Most all of us have heard the phrase “he said she said.” It often conjured to mind scenarios where there’s little evidence available other than the statements made by the individuals involved. When your “he said she said” incident is also a case of sexual harassment or sex discrimination where you were the victim, the whole thing may seem incredibly daunting. Don’t be intimidated, though. Instead, get in touch with a New Jersey sex discrimination lawyer who can help you map the best route forward.

One reason not to despair is something called a “motion for summary judgment.” This is something that the defense often does and, when successful, it gets your case thrown out of court before ever making it to trial. When unsuccessful, though, it opens many doors, including giving you your day in court and also, many times, leading the defense to approach settlement (if you potentially are open to a settlement) in a more fair, reasonable, and meaningful way.
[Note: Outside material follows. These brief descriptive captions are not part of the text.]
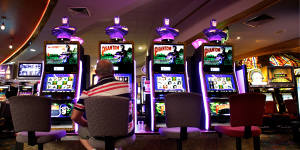 A patron playing the poker machines at rugby league club in Sydney.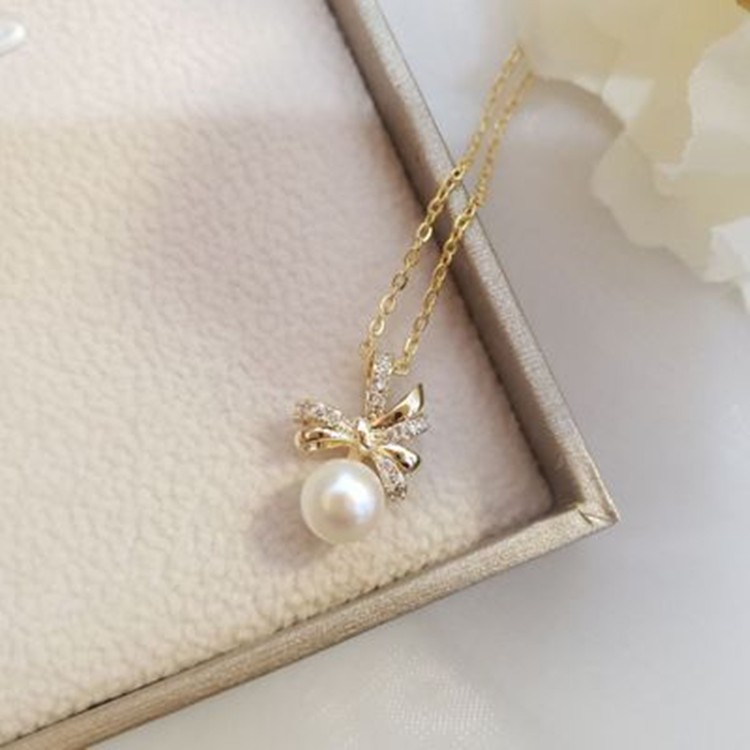 European and American fashion bow alloy inlaid acrylic pearl pendant ladies' cold necklace detail image 1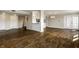 Expansive living room featuring hardwood floors, elegant lighting, and seamless flow, great for gatherings and relaxation at 3127 E 52Nd St # C, Indianapolis, IN 46205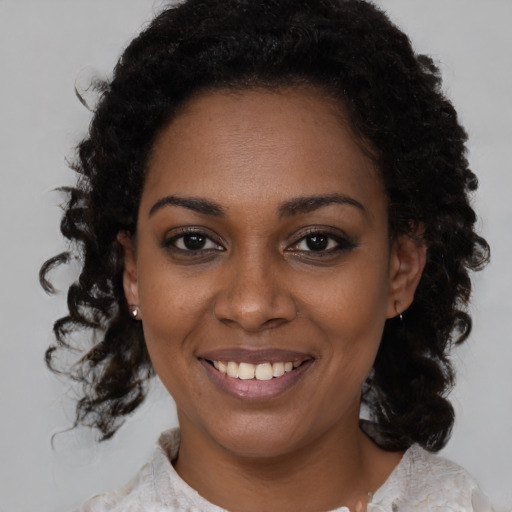 Joyful black young-adult female with medium  brown hair and brown eyes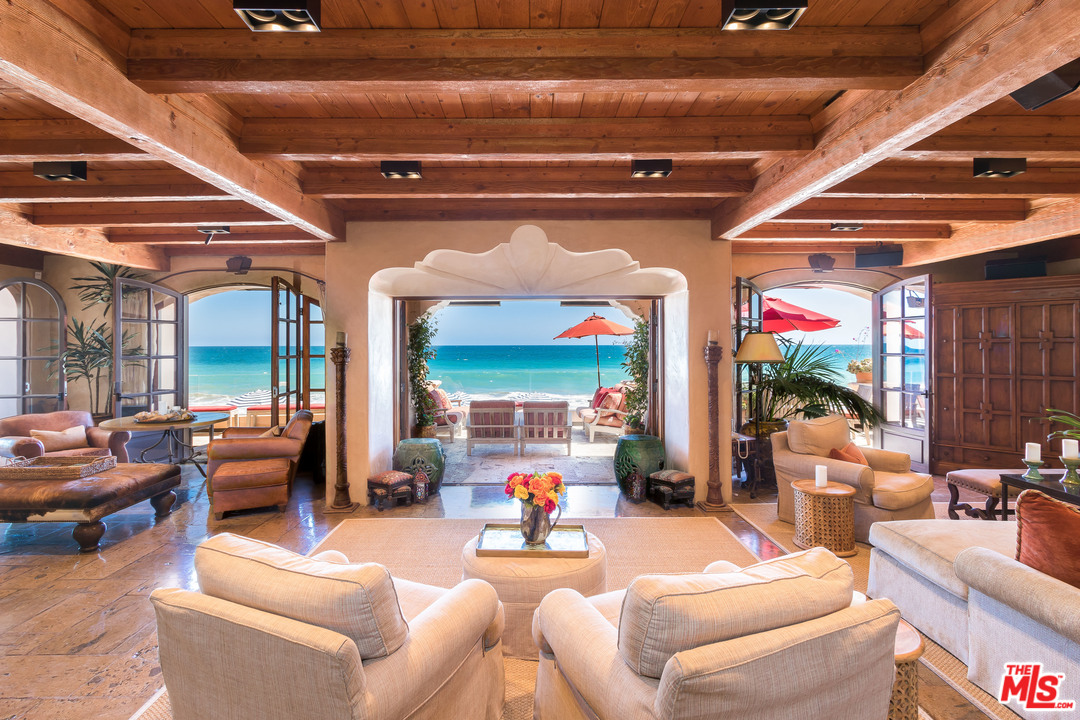 22102 Pacific Coast Highway Malibu, CA 90265 - Photo 10 of 36 a living room with furniture and a fireplace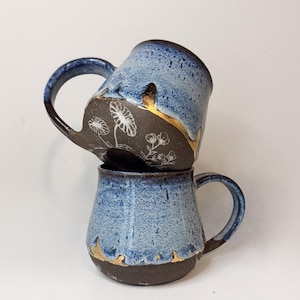May include: Two handmade ceramic mugs stacked on top of each other. The mugs have a blue speckled glaze with a dark brown base and handle. The bottom of the top mug and the top of the bottom mug have a gold accent. The top mug has a floral design.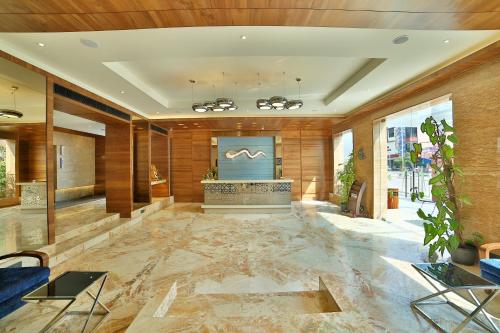 a lobby of a hotel with a marble floor at HOTEL G EXPRESS Formerly Known as TGB Express in Ahmedabad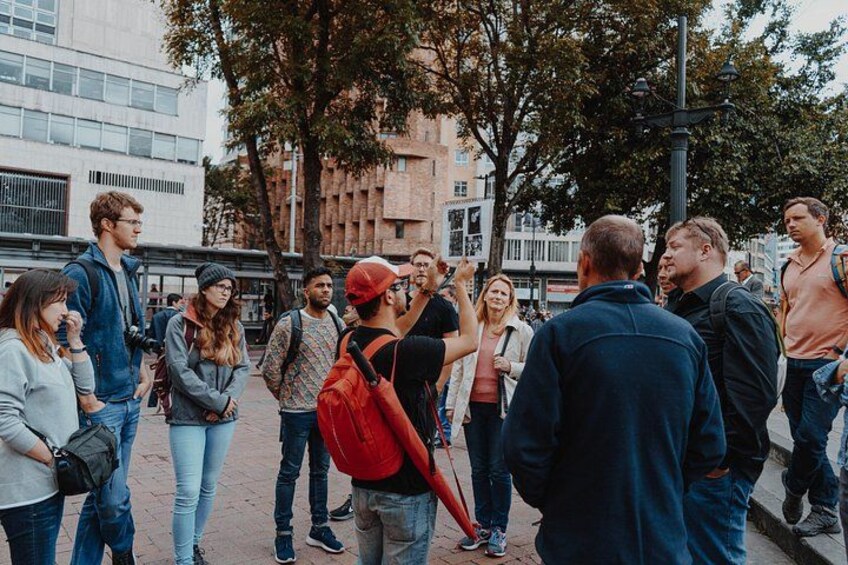 A group of people standing on a city sidewalk, engaged in conversation. 1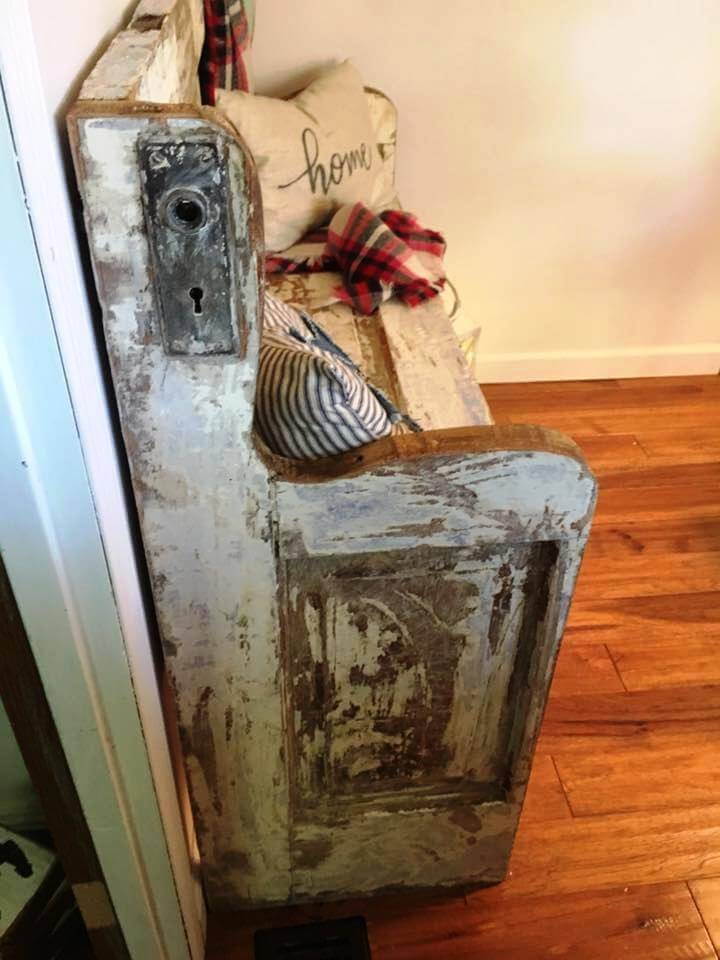 distressed mid century bench made of an old door
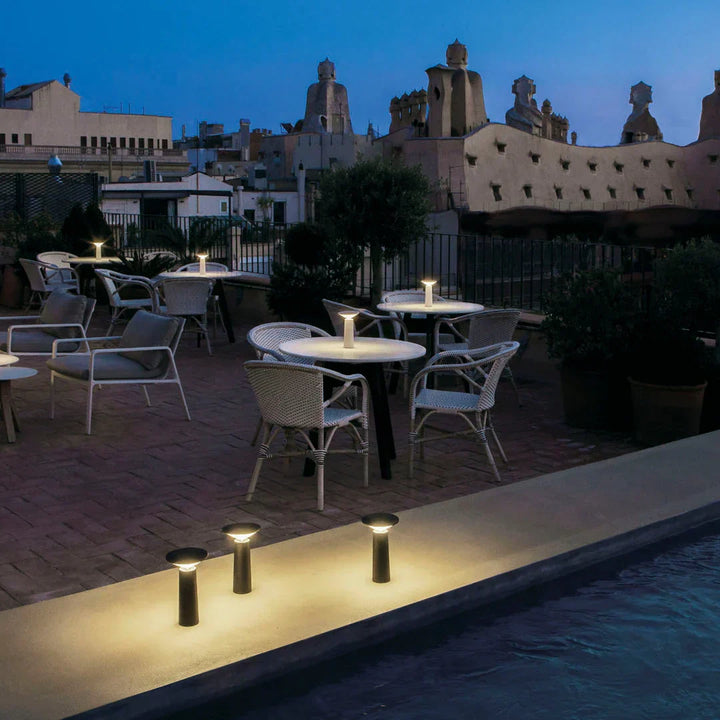 Simple modern LED table lamp, dimmable & portable, ideal for minimalist home decor.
“He said she said” cases are often prime examples of the kinds of cases in which the defense is not entitled to a summary judgment. Take, for example, the case of A.M., a port authority locomotive engineer who alleged that she endured a sex-related hostile work environment.

In April 2011, one day after allegedly taking an unscheduled bathroom break, the engineer had an encounter with her chief operations examiner, A.A., and an operations examiner, C.L.

According to the engineer, the incident unfolded this way: at the end of her shift, A.A. grabbed her by the elbow and demanded that she accompany him to make copies of the incident report regarding her unscheduled bathroom break, telling her she would lose her job if she didn’t come.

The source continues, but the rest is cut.